96. The Shetland islands produce a kind of sheep so small as seldom to exceed the weight of thirty or forty pounds. Their wool is sufficiently soft to be adapted even to clothing of the most delicate texture. A pair of stockings that were made of it were so fine as to be sold for six guineas. The skins of these sheep with the fleece on are capable of being converted into a fur of great value; and, when the wool is stripped from them, they are, as leather, peculiarly estimable for aprons, and are purchased by mechanics for this purpose at double the price of other skins of the same size.

97. It is to the breed called Dorsetshire sheep that the London markets are principally indebted for the house-lamb, which, at an early part of the season, bears so high a price. After the lambs are produced they are confined in small dark places, and never see the light, except when brought out to be fed by the ewes; and, at the times when thus brought out, their cabins are cleansed, and littered with fresh straw, as a great part of their value depends upon the cleanliness in which they are kept.

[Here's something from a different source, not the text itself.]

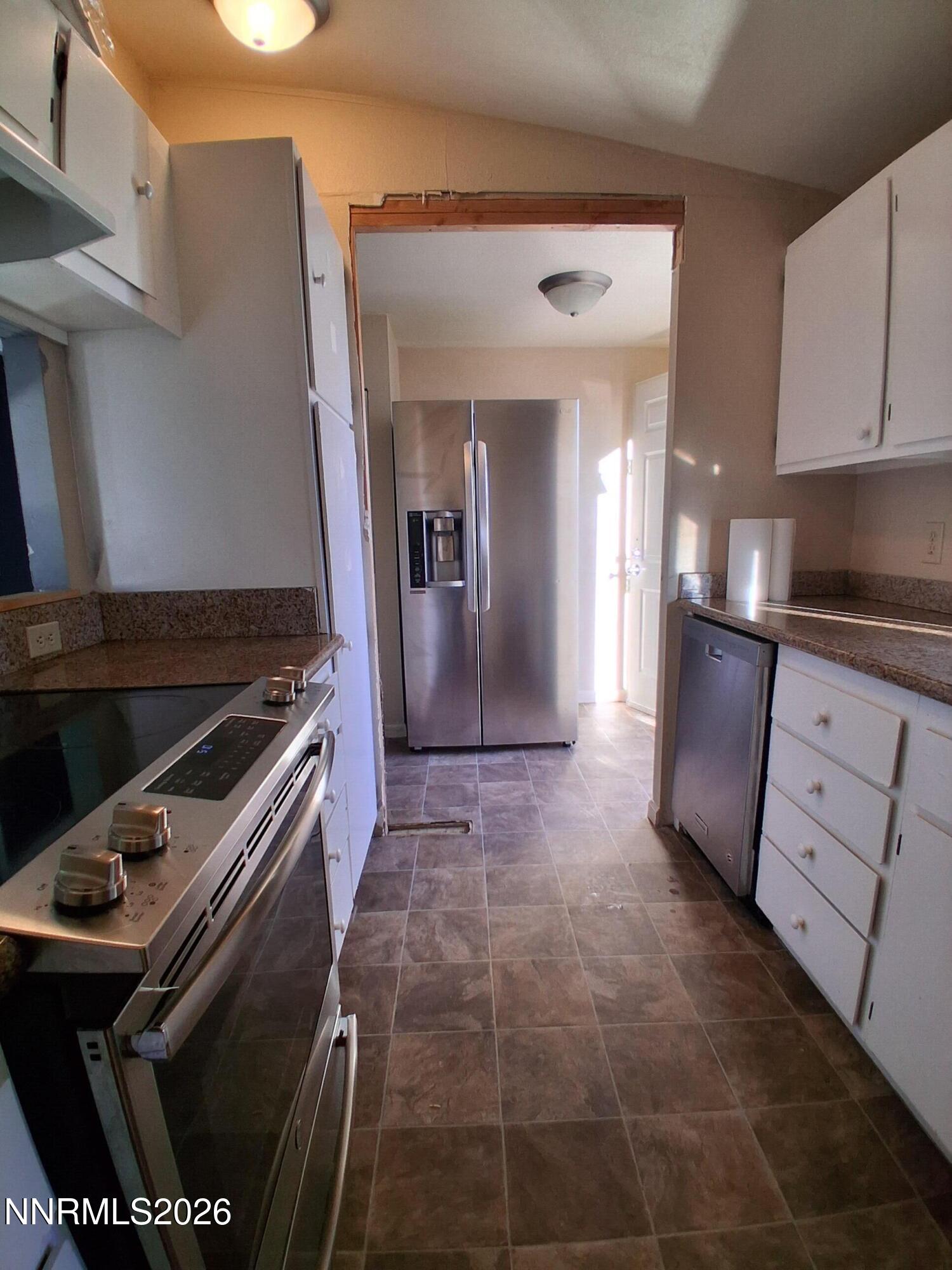 564 Morgan Circle Property Photo 18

98. The mutton of the Heath sheep, a breed which is found in most of the north-western parts of England, and even as far as the western Highlands of Scotland, is accounted peculiarly excellent; and immense numbers of these sheep are annually sold at the north country fairs. The animals themselves are hardy and active, and well adapted to subsist in healthy and mountainous districts.

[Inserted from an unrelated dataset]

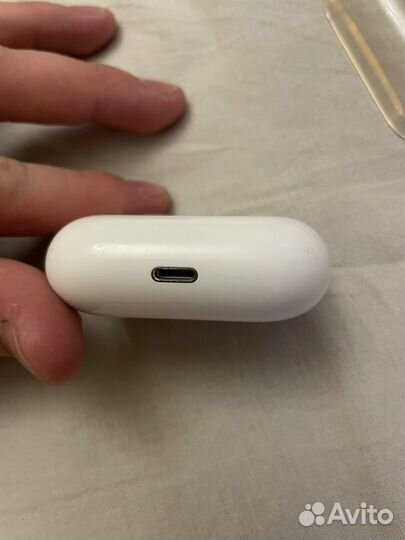 Apple AirPods Pro with MagSafe Charging Case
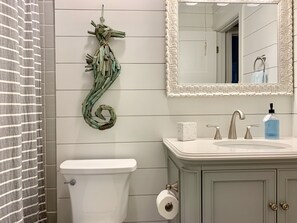 Full bathroom with charm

99. MERINO SHEEP are a celebrated Spanish breed of sheep, with small horns, white face and legs, small bones, a loose skin hanging from the neck, the wool fine, the external part of the fleece dark brown in consequence of the dust adhering to it, the interior delicate white, and the skin of rosy hue.

The celebrity of this breed, for the production of a remarkably fine wool, has been such, that all the highest priced cloths manufactured in this country, until of late years, were made of Spanish wool. In the year 1787 some of these sheep were first introduced into England. And, although it was formerly a prevailing opinion that the excellence of their fleece depended, in a great degree, upon the temperature of the Spanish climate, it has been satisfactorily ascertained that the fineness of Spanish wool is not in the slightest degree impaired by breeding the sheep in this country. Even in Hungary sheep of this kind have, for many years, been so successfully reared, that much of the fine wool used in our clothing countries has been imported from thence. The average weight of the Merino fleece is about three pounds and half. It has lately been a great object of attention in England to improve our own breeds, particularly the Ryeland, by a mixture with merinos, and this cross breed is stated to retain all the principal characteristics of the Spanish race. The mutton of these sheep, for size and flavour, is much in demand, and sells in the market at a higher price than that of most other kinds of sheep.

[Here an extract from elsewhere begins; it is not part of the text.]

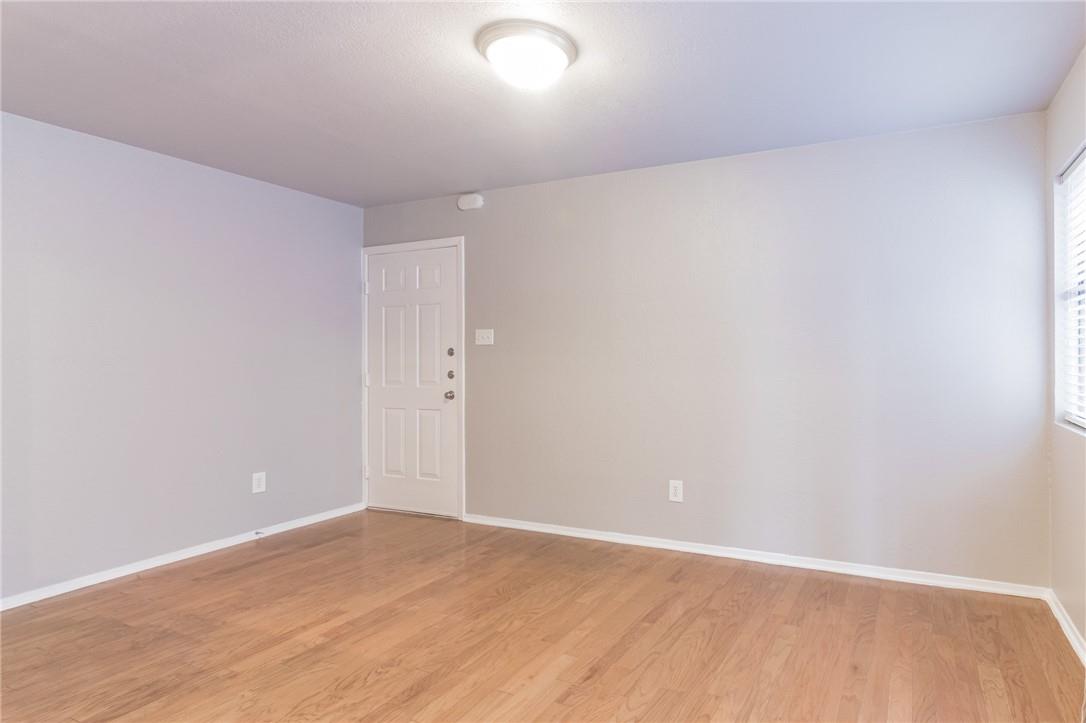 3627 Menchaca Rd 112 Property Photo 5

100. The BROAD-TAILED SHEEP are a very remarkable kind of sheep, distinguished by their tails being extremely large, and so long as sometimes to drag upon the ground.

They are found in several parts of Persia, Syria, Egypt, and other eastern countries.

The tails of these animals are almost wholly composed of a substance resembling marrow, and sometimes they are equal in weight to one-third of the whole carcase. To prevent them from chafing against the ground, the shepherds not unfrequently put boards, with small wheels, under them, attached to the hinder parts of the animal. The substance of these tails is in great demand, instead of butter, for culinary purposes; and it forms an ingredient in several kinds of dishes. The fleece of the broad-tailed sheep is peculiarly long and fine, and, in Thibet, is manufactured into shawls and other articles of peculiarly delicate texture, which form a considerable source of wealth to the inhabitants.

Of these, and of another kind of sheep called Tartarian or fat-rumped sheep, the hinder parts of which are so excessively fat as entirely to enclose the tail, there are great numbers bred in Tartary. It is even stated that, on an average, 150,000 of them are annually sold at the fairs of Orenburgh, and a much greater number in some other places.

101. The COMMON OX (Bos taurus domesticus, Fig. 29) is characterised by having rounded horns which curve outward, and a loose skin or dewlap beneath the throat.

The male is called bull, the female cow, and the young one calf.

This animal, in a wild state, is the bison (Fig. 15) which is found in the marshy forests of Poland and Lithuania.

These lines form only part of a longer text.